So ein kleines bisschen habe ich schon gehadert, ob ich den neuen Werbespot von EDEKA nun wirklich zum Thema meiner Andacht für den Monat Dezember nehmen soll. Aber dann habe ich mir gedacht, dass es darauf ja auch nicht mehr ankommt, wir werden im Moment eh überflutet von Werbung und Einkaufsaufforderungen, da fällt der noch nicht einmal produktbezogene Spot auch nicht ins Gewicht.
Und wahrscheinlich kennen Sie ihn auch schon. Es ist ein Filmchen von knapp 2 Minuten. Wir sehen einen älteren Herrn, der die Weihnachtszeit alleine verbringt, weil seine Kinder es nicht geschafft haben… aber nächstes Mal bestimmt… und es vergehen 3 Weihnachtsfeste, die der ältere Herr immer allein in seinem schönen Zuhause verbringt. Auf einmal wechselt der Ort und wir sind in Asien, dann bei einer jungen Familie und dann in einem Krankenhaus. Drei Menschen bekommen eine traurige Nachricht, es ist sehr schnell klar, dass es sich um die Kinder des älteren Herrn handelt. Die Nachricht ist: Der Vater ist gestorben, die Beisetzung an dem und dem Tag. Alle 3 erwachsenen Kinder machen sich mit ihren Familien auf den Weg zu ihres Vaters Haus, sie treffen sich, sind in schwarz gekleidet und voller Trauer. Aber irgendetwas ist komisch. Da sind Kerzen an im elterlichen Haus, der Tisch ist festlich gedeckt und jemand in der Küche. Überraschung! „Opa“ ist gar nicht tot. Er begrüßt sie mit den Worten: Wie hätte ich Euch denn sonst alle zusammen bringen sollen, hm? Die Kinder und Enkel fallen ihm weinend, aber glücklich um den Hals und man kann es dann noch kurz sehen, es wird ein fröhliches, leckeres und harmonisches Zusammen sein! Am Ende erscheint ein Schriftzug: Zeit heimzukommen.

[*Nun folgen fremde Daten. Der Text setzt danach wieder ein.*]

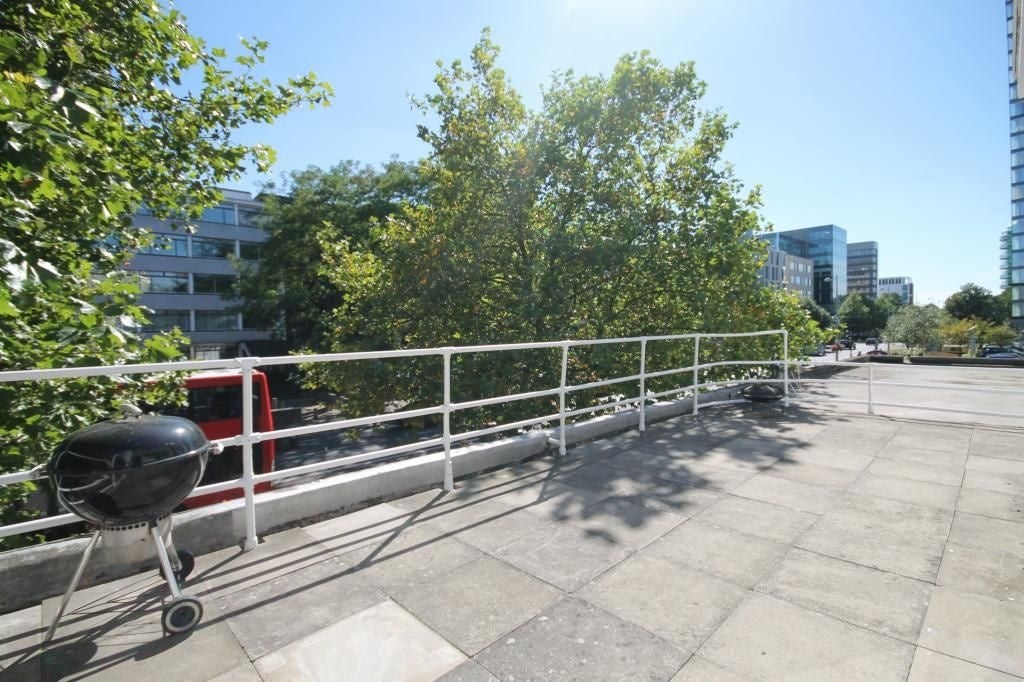 Flat Uxbridge Road in Greater London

Die Internetgemeinschaft ist gerührt. Das Video wird geteilt und empfohlen und ist schon mehr als 30 Millionen Mal angeklickt worden, Tendenz steigend. Mich hat das Video auch berührt, wenn mir auch gleich der Gedanke gekommen ist, dass es vermutlich nicht auf so ein harmonisches Fest hinausgelaufen wäre, wenn es statt in einem Videospot in der Realität stattgefunden hätte. Ich denke, ich wäre nach der ersten Erleichterung ziemlich sauer, dass mein Vater mich so angelogen hat, wahrscheinlich würde das im Moment auch meine Scham über meine offensichtliche Vernachlässigung überstrahlen.
Aber es ist ja nur ein Video und als solches hat es für mich eine klare Aussage: Feiert das Leben, solange es geht! Denn das Berührende an dem Video sind ja nicht die Schauspieler, die Musik oder das Essen am Ende, sondern das Wissen darüber, dass es immer wieder im Leben dazu kommt, dass wir so Manches bedauern, das wir aber nicht mehr rückgängig machen können. Und gerade beim Thema Tod wird das besonders deutlich. Da stehen wir dann am Totenbett oder am Grab eines geliebten Menschen und uns fällt ganz viel ein, was wir noch hätten sagen wollen oder geplant hatten miteinander zu unternehmen. Aber entweder ergab sich die Gelegenheit nicht oder wir waren zu feige, oder schlicht zu träge. Vielleicht haben wir auch einfach immer nur die falschen Prioritäten gesetzt und wahrscheinlich war es uns sogar bewusst, aber wir haben nichts dagegen unternommen! Und dann geht es auf einmal nicht mehr. Das ist traurig für uns selbst, aber natürlich auch für die, die dann nicht mehr erleben konnten, dass Versprechen wahr, Gefühle ausgesprochen und Wünsche erfüllt werden.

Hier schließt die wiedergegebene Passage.